Sans doute la première "recette" que j’ai préparée. Mon amie Francine surveillait les truites pêchées plus tôt dans la vallée et moi, les yeux fermés et le nez frémissant au-dessus de la casserole, j’attendais le moment où le beurre en fondant dégage cette douce odeur de noisette. On avait 7 et 8 ans, gastronomes en jupette et culottes courtes, affublés de parents sensibles à la douceur des soirées sous les platanes et au fait que leurs enfants aiment cuisiner pendant que les grands prennent l’apéro avec les cigales et les grillons.
Sans doute ces souvenirs jouent-ils un rôle dans le plaisir d’être à une table plutôt qu’à une autre. Tant mieux dans ce cas-ci, puisque je peux ainsi partager avec vous le bonheur d’être passé ici et vous recommander la maison, ce qui ne m’arrive pas tous les jours ces temps-ci.

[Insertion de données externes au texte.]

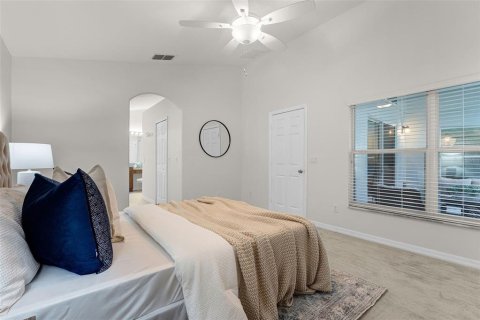 House in Orlando, Florida 4 bedrooms, 178.37 sq.m. № 1919835 - photo 21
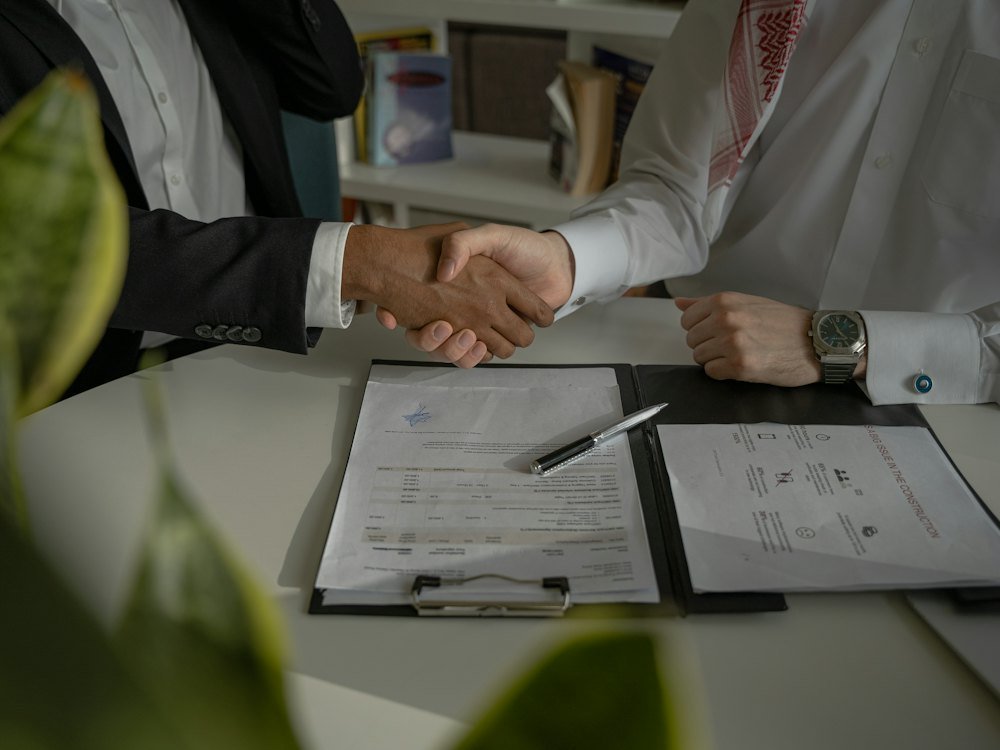 Aperto de mão sobre um contrato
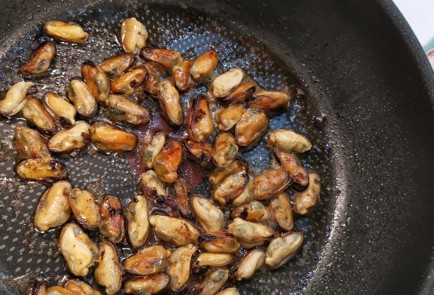 Фото шага рецепта Сливочные мидии с моцареллой 175186 шаг 6  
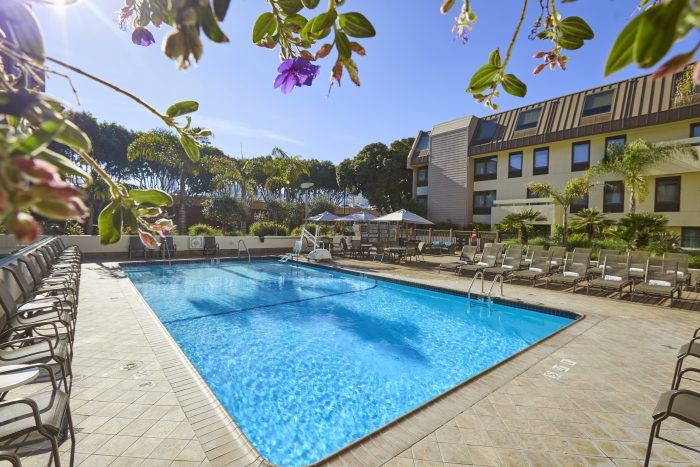 Relájate de la piscina del nuevo hotel de RIU en San Francisco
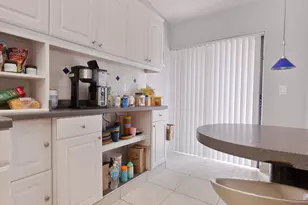6680 Canary Palm Cir, Boca Raton, FL 33433 - Photo 8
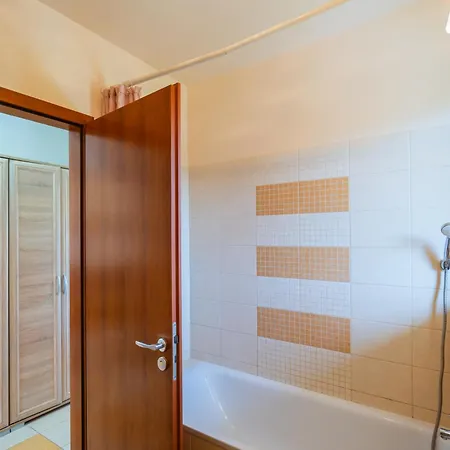 Апартаменты Myflat Club 218 Diamond Wellness Шиофок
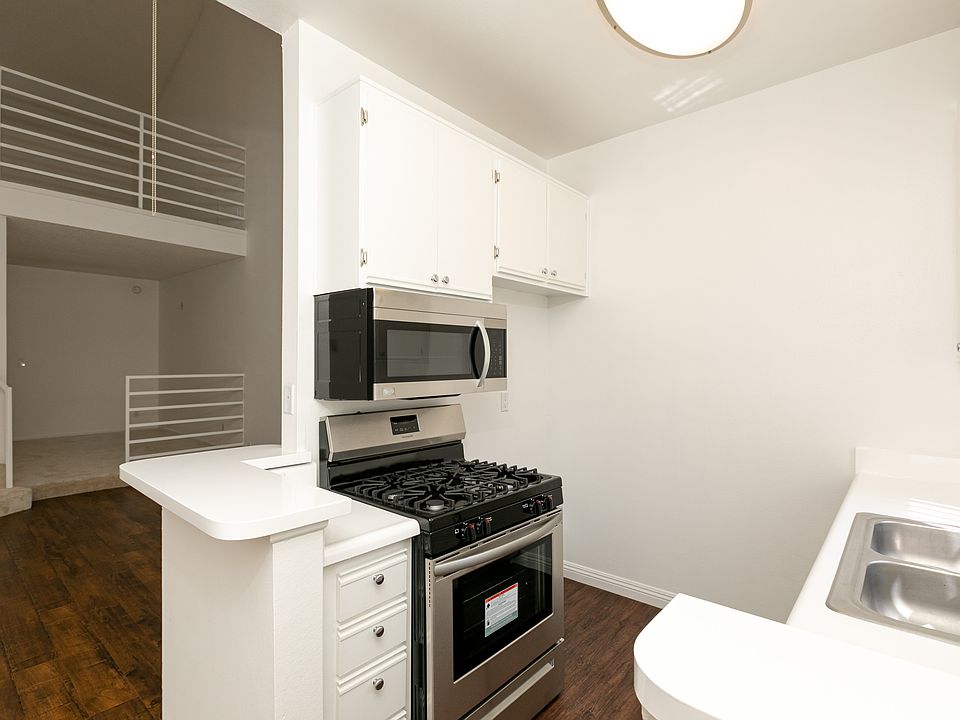 1st image of 1420 N Detroit St APT 301
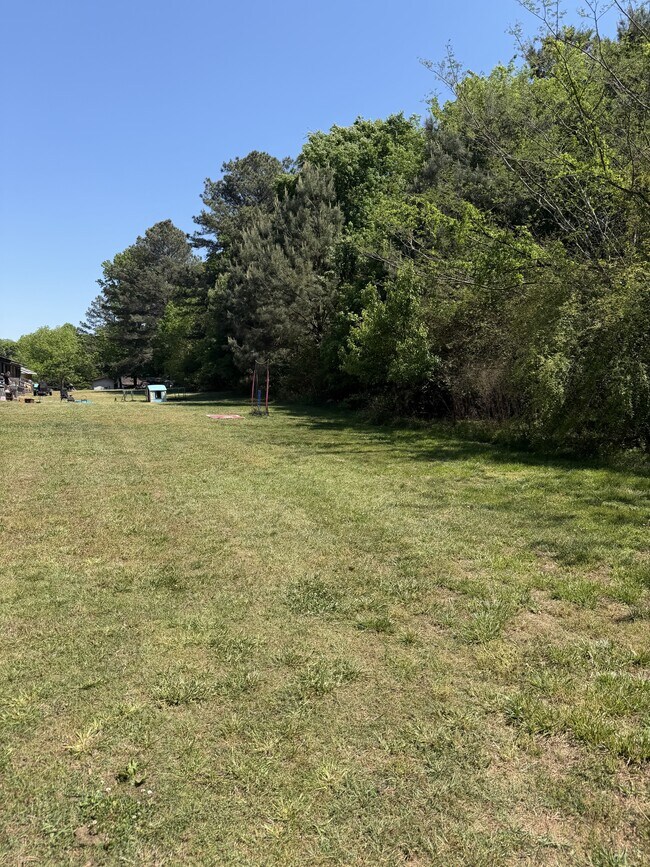 Building Photo - 657 Aubrey Dr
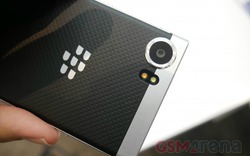 Lộ thông số camera sau của BlackBerry Mercury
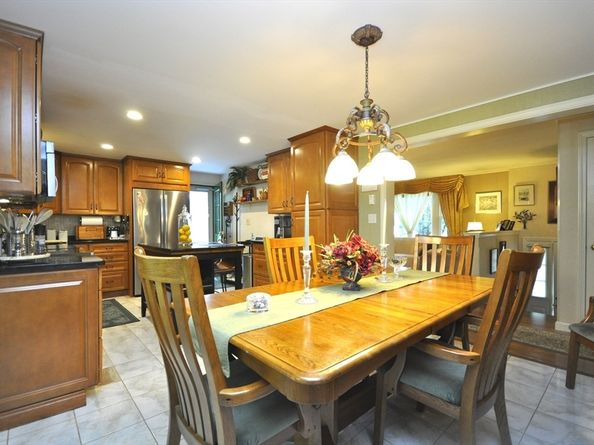 125 Walnut St, Bridgewater MA 02324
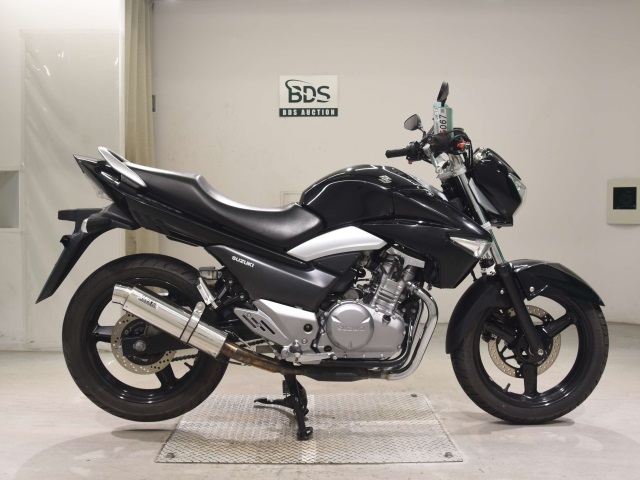 Suzuki GSR250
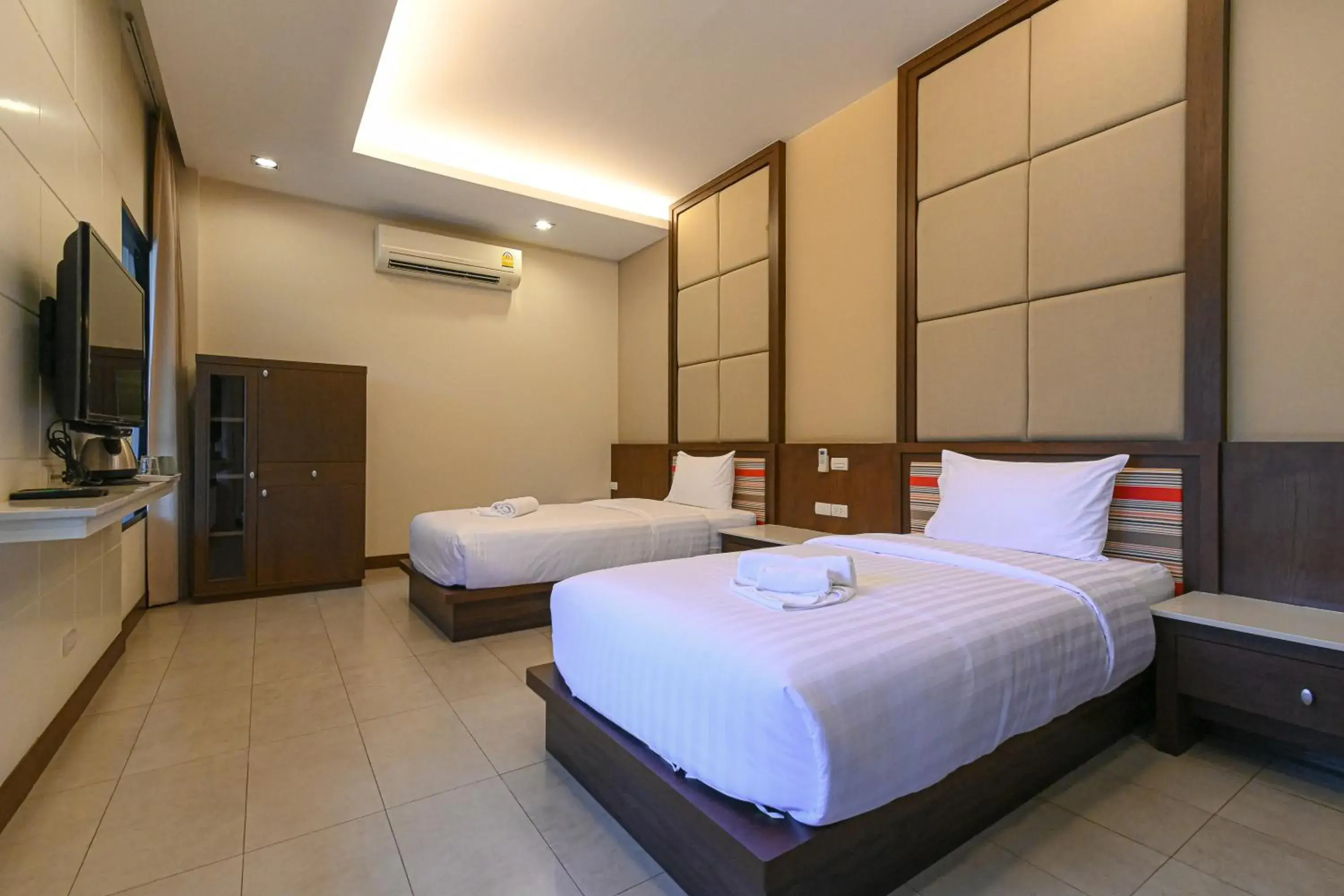 Deluxe Double or Twin Room in Suanphung Bonsai Village Deluxe Double or Twin Room in Suanphung Bonsai Village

Le Beurre Noisette s’est donc installé dans ce minuscropique local où vous avez peut-être dégusté l’an passé des petits plats chaleureux servis par les patron(ne)s du défunt Puy du Fou. L’exiguïté des lieux, une trentaine de places, ne nuit en rien à la cuisine. Généreuse et tout sauf étriquée. La générosité ne se mesure pas, elle se ressent. Le cadeau de ces petites crevettes de Sept-Îles avec leur mayonnaise, quelques bouchées craquantes de concombres et d’asperges, par exemple, suffisait à mettre de bonne humeur. Un bel amuse-bouche, parfumé, goûteux, stimulant.
La stimulation se poursuit avec les raviolis de champignons sauvages et échalotes, sauce au vin rouge et champignons ainsi qu’avec ce foie gras poêlé servi sur un pain aux noix, poires pochées, sauce madère et raisins de Corinthe, réduction de vinaigre balsamique. Les deux plats laissent une impression non équivoque d’harmonie et de dynamisme. En d’autres termes, c’est bon au point de vouloir arrêter là et aller se coucher tout de suite pour s’endormir heureux, bercé des bons souvenirs laissés par un repas ici. Exception faite, selon moi, de cette pâte de won-ton gauchement utilisée pour le ravioli et qui casse le tempo du plat.
Un plaisir similaire vient des pétoncles poêlés, beurre citronné, risotto aux agrumes confits, champignons et lardons. Tout y est jouissif, textures, saveurs, unions délicates des éléments pour créer un plat emballant. Si l’on monte moins haut dans la stratosphère avec les ris de veau croustillants, sauce à l’érable, polenta, légumes de saison – peut-être parce que les ris sont un peu trop fermes à la suite d’une cuisson exagérément enthousiaste -, on flotte quand même plusieurs pieds au-dessus de l’intersection Christophe-Colomb et Marie-Anne. Ce qui est un petit bonheur non négligeable en ces temps d’aplatissement généralisé de nos élites.
Une assiette de fromages, un petit pot de crème au chocolat ou une très réussie tarte aux poires, glace à la crème sure vous permettront de stabiliser votre montgolfière à une belle altitude. On entend mieux ainsi le bruit rassurant des casseroles qui s’entrechoquent, le grésillement des champignons dans la poêle et le sifflotement du jeune chef en charge de la balade. Il s’appelle Éric Brabant. Il parle de cuisine avec un éclat passionné dans l’œil. Valérie, sa blonde, voudrait poser un nouvel auvent et acheter de nouvelles nappes. On ne doute pas qu’avec le succès que leur minuscule restaurant va connaître, elle pourra faire ça et plus encore. Quoi qu’il en soit, dans l’immédiat, tout ce qui se trouve dans les assiettes sur les nappes du Beurre Noisette vaut amplement le détour et l’absence d’auvent vous permettra de profiter pleinement de la lumière de début de soirée et de voir le plaisir sur les visages de vos convives.
Beurre Noisette
4354, rue Christophe-Colomb
(514) 596-2205
Ouvert du mardi au samedi de 17 h 30 à 22 h. Comptez une quarantaine de dollars (plancher: 34 $, plafond: 45 $) par personne avant boissons, taxes et service. Eau fournie par la maison, vin à apporter. Choisissez une bonne petite bouteille chez votre fournisseur préféré, la table en vaut vraiment la peine.